Pak DeKa, begitu biasanya Dwi Koen disapa, seperti tetesan air yang menerpa bongkahan batu di sebuah gua. Perlahan-lahan air tidak membuat lubang menganga, tetapi justru membentuk stalaktit dan staglamit, yang menajam vertikal dari atas dan bawah. Air yang menetes dari tangan Pak DeKa, bukan air biasa, karena mengandung kalsit (kalsium karbonat), yang pada akhirnya menumpuk dan membentuk material keras. Itulah keindahan dalam sebuah gua. Terkadang menjadi penghalang bagi para petualang, tetapi setiap kali pula lahir sebagai dekorasi alam yang menantang dan imajinatif.

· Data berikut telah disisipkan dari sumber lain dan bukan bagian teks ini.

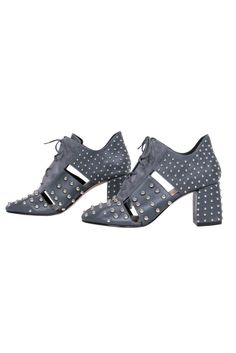 Experience the essence of femininity in these chic studded leather booties from Red Valentino. The suede accent with the lace-up detailing and silver studs will add an edge to any look, while the side cutouts and 3” block heels make them comfortable. Style with a leather mini skirt and a graphic tee for an edgy night out. Size 8 (38 IT) Made in Italy Leather upper Silver studs Almond toe Heel height 3” Leather Heels With Rivets And Round Toe, Winter Studded Heels, Studded Heels For Winter, Fall Studded Ankle Lace-up Boots, Chic Heels With Silver Studs And Round Toe, Fall Ankle Lace-up Boots With Studded Outsoles, Leather Boots With Spikes For Evening, Trendy Leather Heels With Studs, Leather High Heels With Rivets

Demikian halnya seri kartun Panji Koming yang terbit pertama kali 14 Oktober 1979 di halaman Kompas Minggu. Atas saran almarhum GM Sudarta, senior Pak DeKa waktu itu, terbitlah seri kartun kerakyatan dengan tokoh-tokoh yang memiliki karakter lugu sekaligus cerdik. Menurut Efik Mulyadi, jurnalis yang bekerja bersama Pak DeKa waktu itu, Panji Koming meneruskan karakter-karakter dalam punawakan dalam pewayangan klasik.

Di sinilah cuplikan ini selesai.